It hardly needs to be said that Encyclopaedia Dramatica has always been morally dubious at best. It has always been foul-mouthed, petty, and vicious. It has ruined more than a few people’s lives. Clicking through the site, you’ll traverse a map of the online underworld as imagined by Hieronymus Bosch, one populated with stolen nudes, gore, suicide pictures, grimly repetitive racial slurs, and rampant homophobia juxtaposed with the hypersexualisation of cartoon hedgehogs.

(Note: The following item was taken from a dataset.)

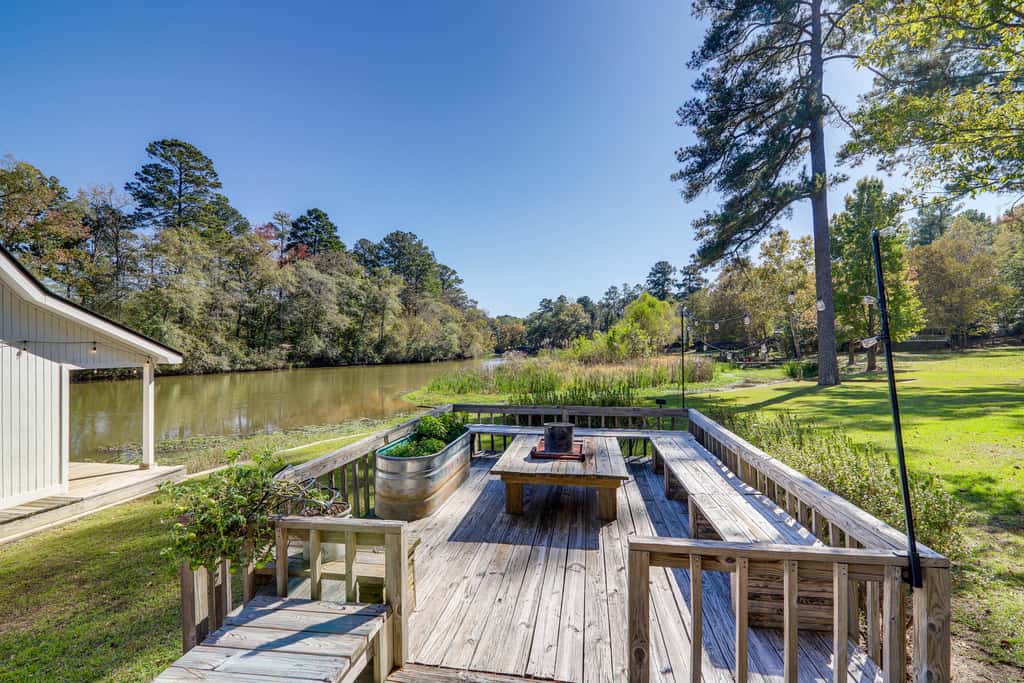 Wilderness Retreat on Crooked Creek, Lake Sinclair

Stars of ED, over the years, have included Chris Chan (inventor of Sonic/Pikachu hybrid ‘Sonichu’), 4chan’s beloved icon Boxxy and her lesser-known descendents, and an anonymous man pictured wearing lingerie fellating himself. This self-described ‘shitpost metropolis’ exhausts every linguistic and photographic outrage, and every crude, derogatory trope. Sometimes the sentences are so dense with racial and homophobic slurs they stop making grammatical sense.

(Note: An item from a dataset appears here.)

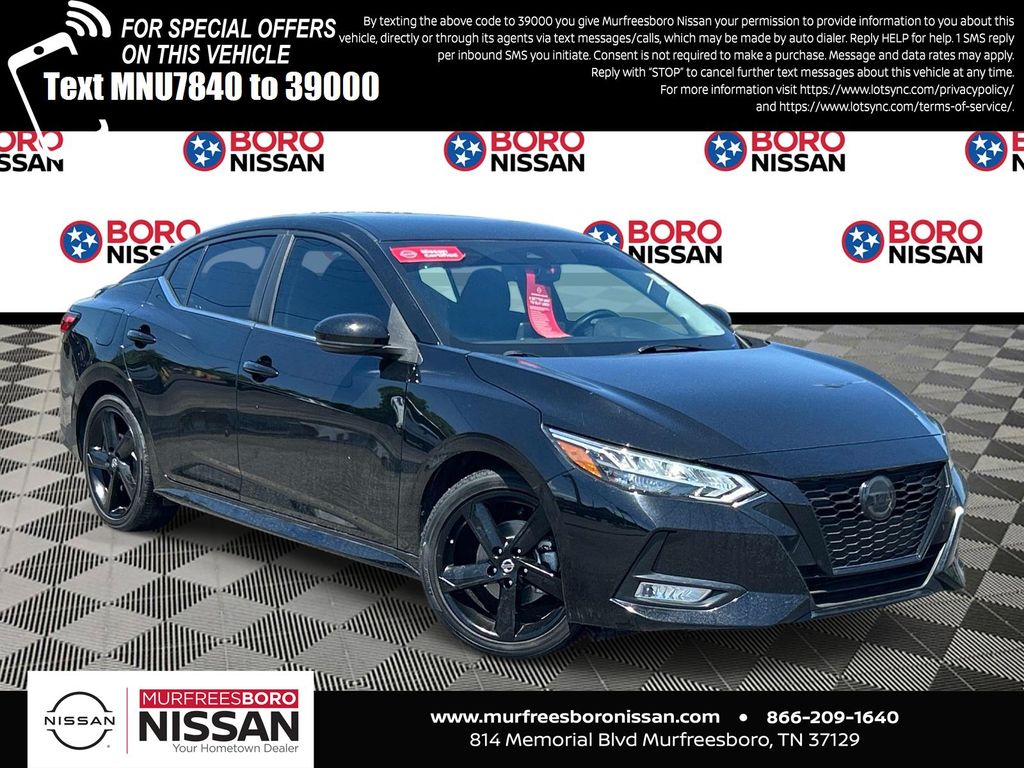 2023 Nissan Sentra SR CVT's photo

This is no country for the ‘Personae Non Beefis:’As with 4chan and other fringe communities, there is an air of mutual damnation to every page. The subject of each article is grotesque, as is its author, and midway through reading the page you realise that you’re pretty despicable too, just for being here. As with attendants of an AA meeting, or perhaps an orgy, ED must be approached with an implicit promise not to judge.

Still, today the site feels somehow less cutting; less offensive, even, and perhaps a little out of date. Subjects on the list of staff suggestions for new articles include vaporwave rap legend (and part-time real estate broker) Viper—he of You’ll Cowards Don’t Even Smoke Crack fame—and socialist 8chan board Leftypol. There are calls for pages on other, relatively forgotten memes, like seapunk, or Kellyanne Conway.

Tastes change, as do the things which offend us. Truth tea goes cold, prime beef turns stale, and as social media has accelerated, our taste for online drama has shifted. Today the term ‘troll’ carries a newly sinister undercurrent: where once the lulz were just that, now they’ve been politicised, luring typical 4chan users to the alt-right.

Has ED become politicised too, and in the process abandoned its purpose?

“I don’t think we have become more political,” said Zaiger. “We might cover more politics because having Donald Trump as president is hilarious. We covered George Dubya a lot too and Obama, though Trump is a meme machine so yeah, he is far more visible on the site. But I don’t think we take any political side, other than what we find the funniest.”

This is what makes ED so fascinating as a case study, a record of social media’s awkward adolescence before it was marketed to more mainstream users as closely-monitored and Zuckerbergian. This is why, as a journalist, I cannot defend Encyclopaedia Dramatica, but I cannot wholly condemn it either. Without this record, writing about the history of internet culture would often be impossible.

I asked Zaiger if he has met others with similarly conflicted feelings towards the site. He replied, “A lot of people dislike the site for those reasons. But yes, we archive the side of social media that news sites don’t. The personal interactions, the users…I think it is very important to archive these events. Things happen on social media and other places online that get a lot of attention from a lot of people, but are forgotten as quickly as they happen. Having someplace to be able to look it up is important.”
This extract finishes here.